Instead, Hansen argues that we should look to Earth's past for clearer answers. We know from basic physics that, all else being equal, an increase in greenhouse gases will warm the planet. But by how much? From studying a wealth of prehistoric data—the movement of ice sheets, samples of atmosphere trapped in ice cores, changes in the sun's brightness—we can assemble snapshots of the Earth's "energy balance" over millions of years, and pinpoint the factors that altered it. The past is full of huge temperature changes: fifty million years ago, for instance, Alaska had tropical vegetation and crocodiles. And as it turns out, the biggest factor affecting prehistoric temperature shifts has been fluctuating levels of carbon dioxide in the air. (Previous changes in carbon dioxide levels were due to natural factors, such as rock weathering, and occurred very sluggishly, over many millenia.) Historically, a doubling of carbon dioxide has raised global temperatures by about 3°C. There is every reason to believe that, by burning fossil fuels, humans are charting a similar course today—only this time in fast motion.

One consequence of these past temperature swings has been dramatic changes in sea levels, and this is where Hansen gets unnerved by his data. For the past seven thousand years, sea levels have stayed remarkably stable, a happy event that allowed human civilization to develop and prosper. But at plenty of other points in the geological record, sea levels have been extremely volatile. The ice sheets at the poles can disintegrate rapidly once they start melting, and sea-level rises of a few meters per century are not unheard of. Hansen's research suggests that, in the past, it has not taken much to set off this process. Sea levels have been a couple meters higher when the world was only 1°C or 2°C warmer than it is today.

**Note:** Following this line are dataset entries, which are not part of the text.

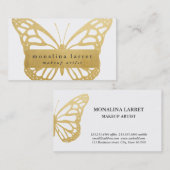 Modern Faux Gold Foil Boheian Monarch Butterfly Visitekaartje (Voorkant / Achterkant)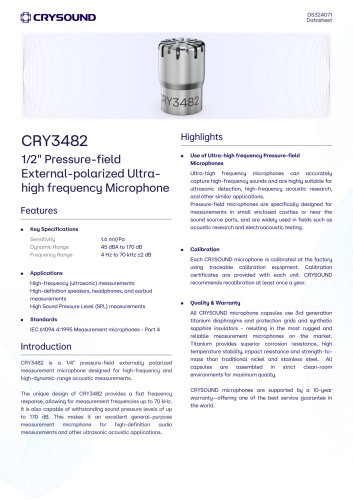 CRY3482 Measurement Microphone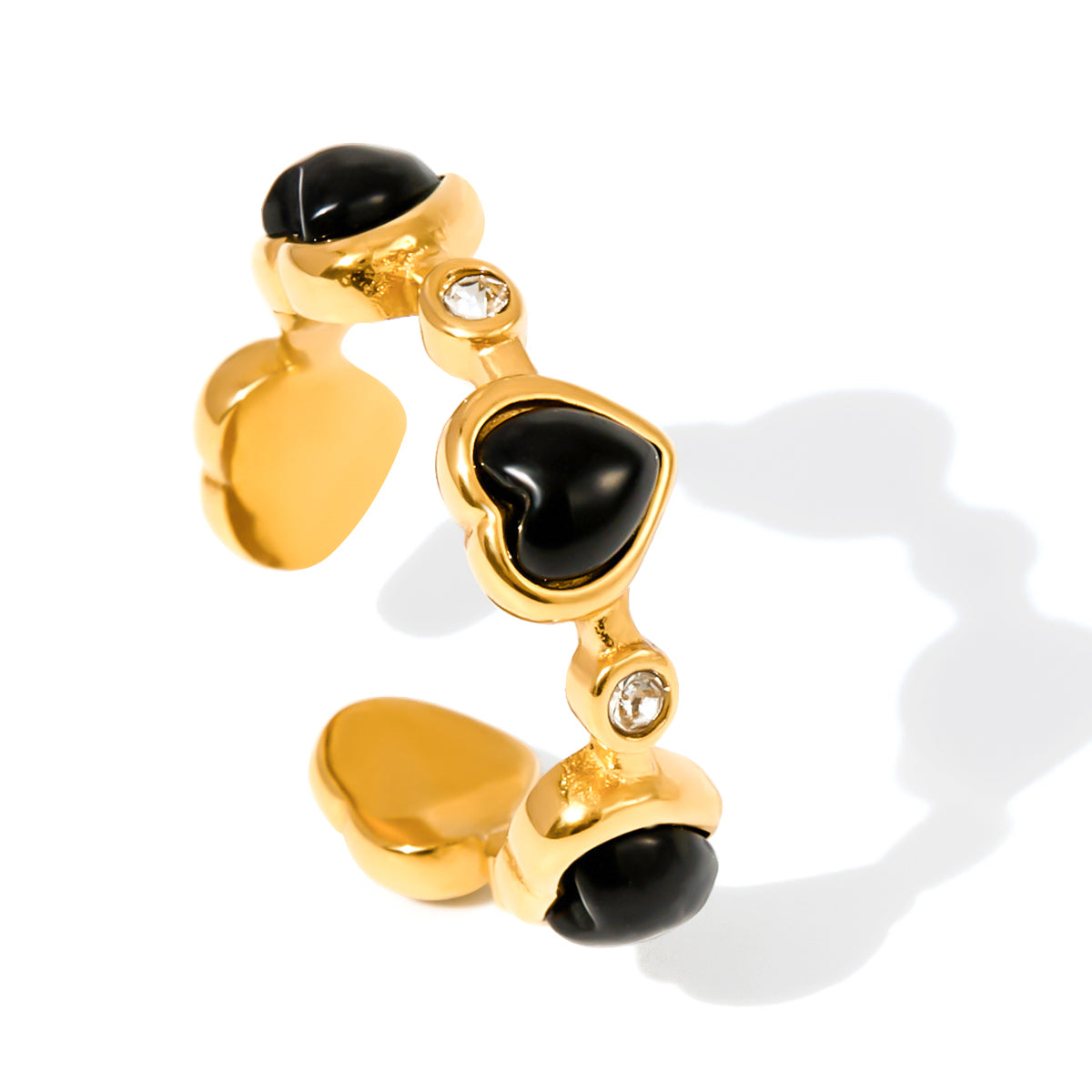 Esme Onyx Heart Ring | 18K Gold-Plated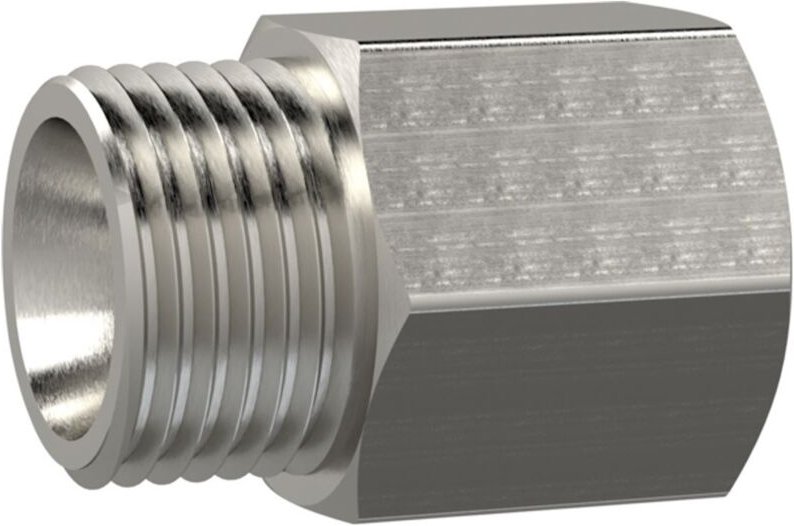 Riegler Reduziernippel, lang, G 3/8 a., G 1/4 i., SW 19, Edelstahl 1.4571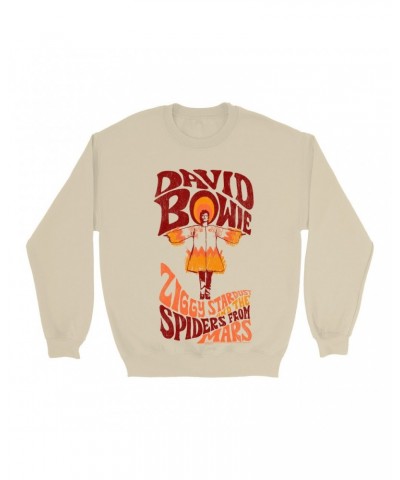 David Bowie Sweatshirt | Retro Orange Ziggy Stardust And The Spiders From Mars Distressed Sweatshirt $13.98 Sweatshirts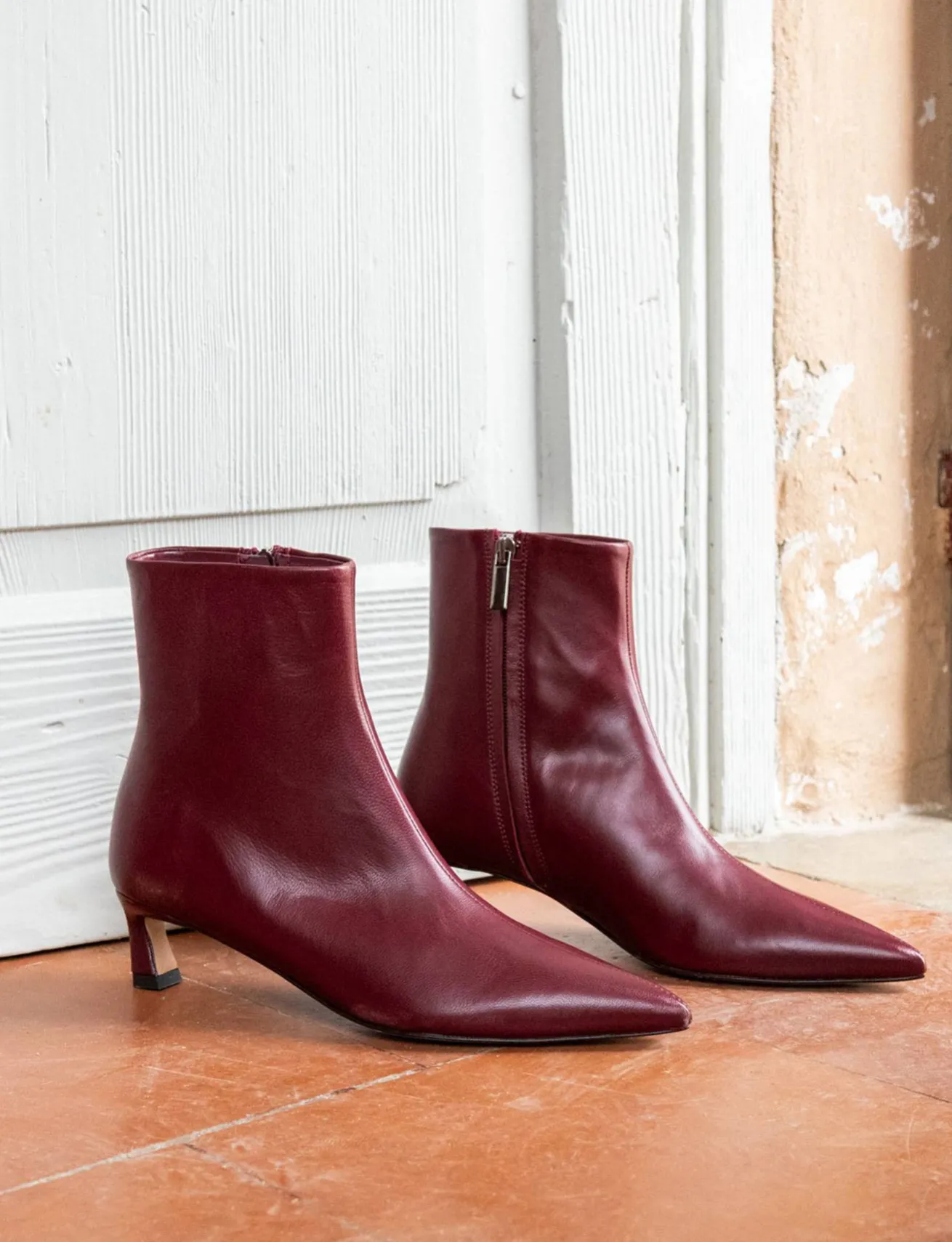 Stivaletti tacco 5cm pelle bordo'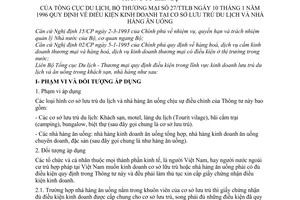 Thông tư liên tịch 27/TTLB điều kiện kinh doanh cơ sở lưu trú du lịch nhà hàng ăn uống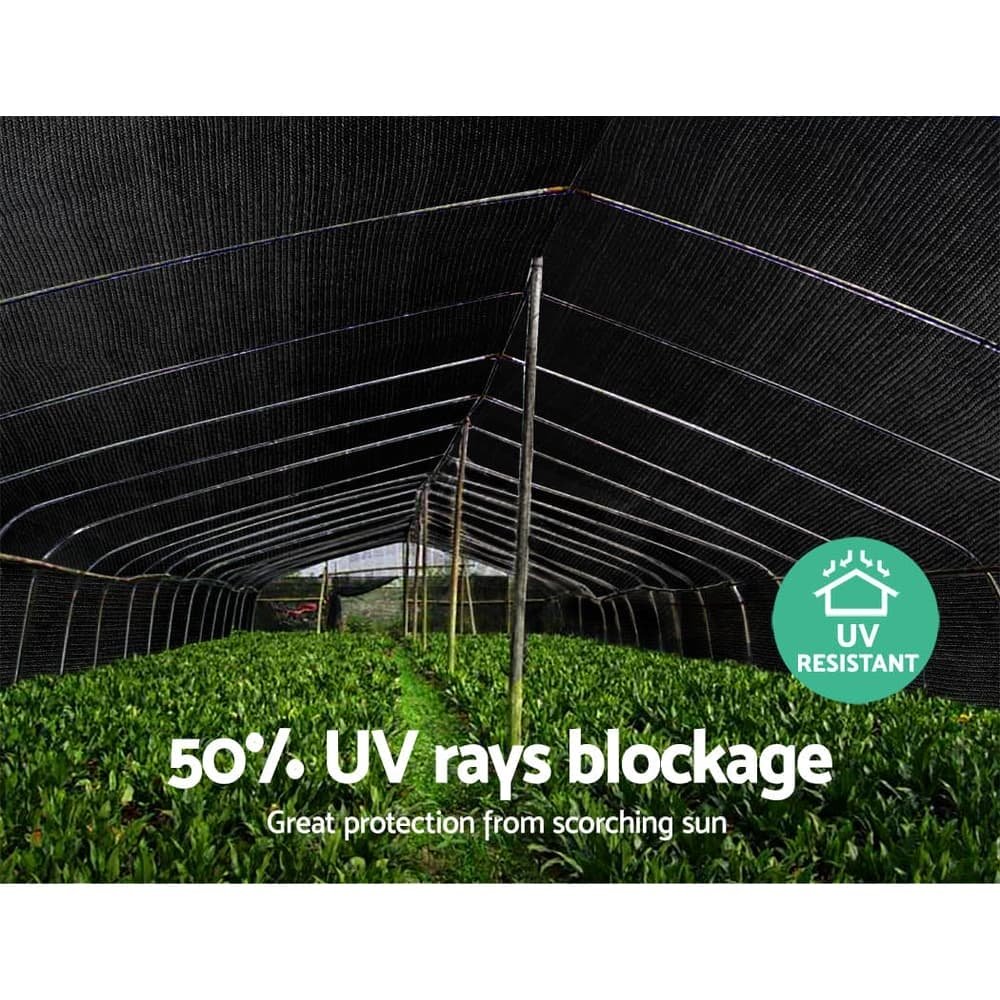Instahut 50% Shade Cloth 3.66x20m Shadecloth Sail Heavy Duty Black - SH-CL-366X200-100-BK Instahut 50% Shade Cloth 3.66x20m Shadecloth Sail Heavy Duty Black - Image 6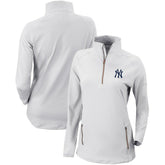 New York Yankees Columbia Women's Omni-Wick Outward Nine Quarter-Zip Pullover Top - White Pullover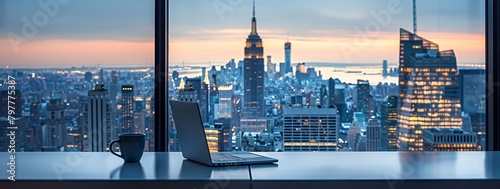 a laptop on a table with a city in the background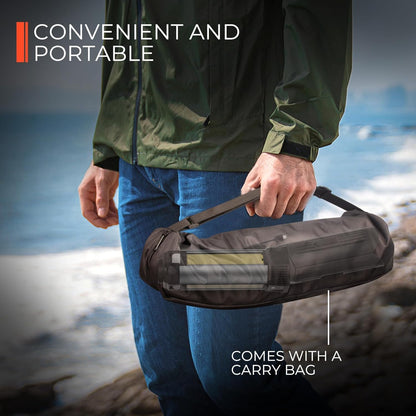 Rechargeable LED Work Light with Stand - Cordless Work Light Kit 3 Page Head,500/1000/2000 Lumen Dimmable 6AH Camping Light with Detachable Tripod,Hooks and Carrying Bag (Work Light with Tripod)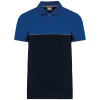 Polo bicolore écoresponsable manches courtes unisexe Navy / Royal Blue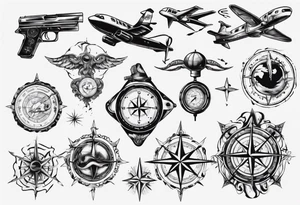 skydiving, shooting guns, compass, adventure tattoo idea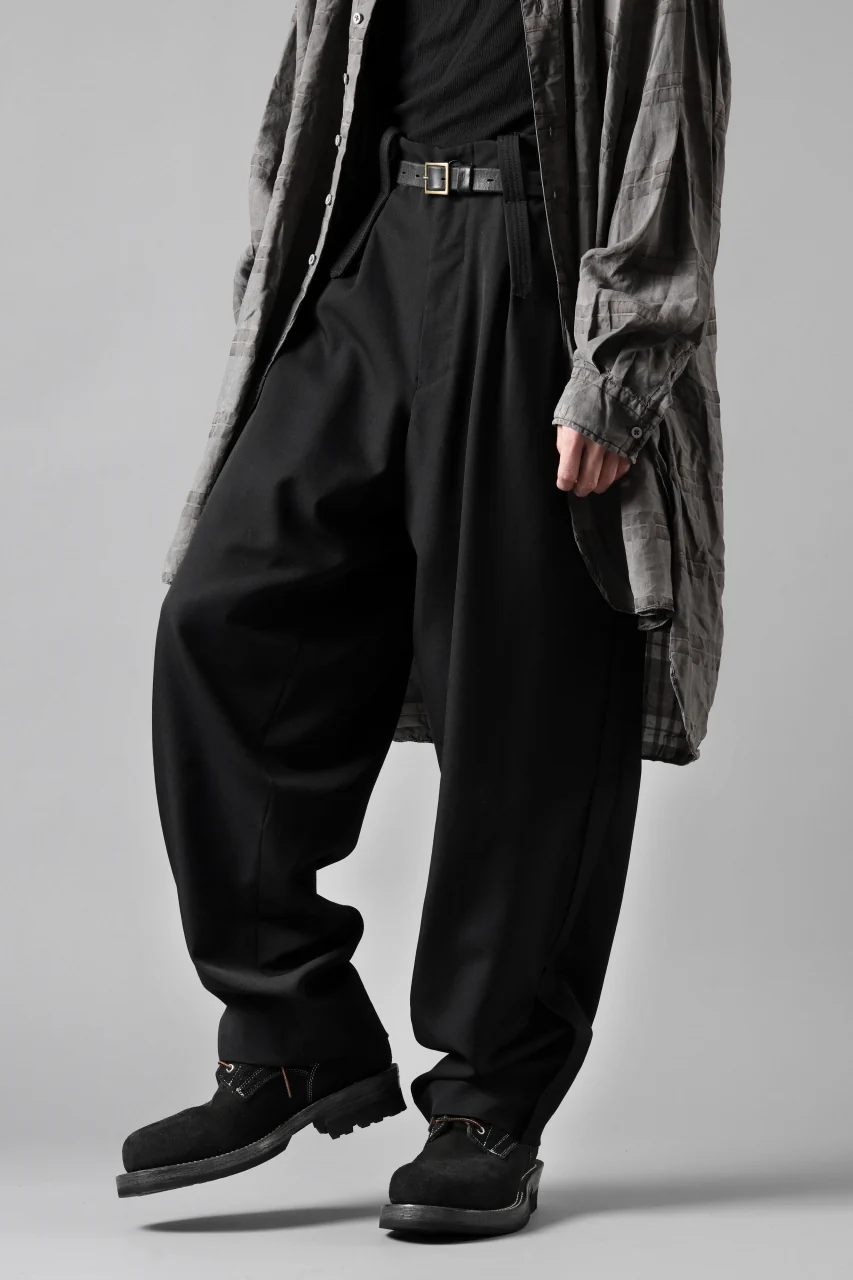 Y's for men WITH DECORATIVE CLOTH TAPERED PANTS / WRINKLE WOOL GABARDINE (BLACK) - Image 5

Now, at many global climate conferences, a 2°C rise is considered a best-case scenario. Hansen is saying that even our most ambitious targets are flirting with catastrophe. To preserve a livable climate, we need to rapidly bring carbon-dioxide levels in the air back down below 350 parts per million (we are currently at about 387 ppm and rising fast). And, Hansen contends, the only way to do that is for the world to phase out coal use quickly. Oil doesn't get the same harsh treatment because Hansen thinks the idea of weaning ourselves off of oil in such short order is unfeasible. What’s more, there is probably not enough conventional oil left to tip the climate over the edge. ("Unconventional" oil from shale or tar sands is a different matter.) There is, however, more than enough coal left in the ground to send temperatures soaring if we keep burning it. So, he says, we should put a moratorium on any new coal-fired plants unless they can capture and bury their emissions.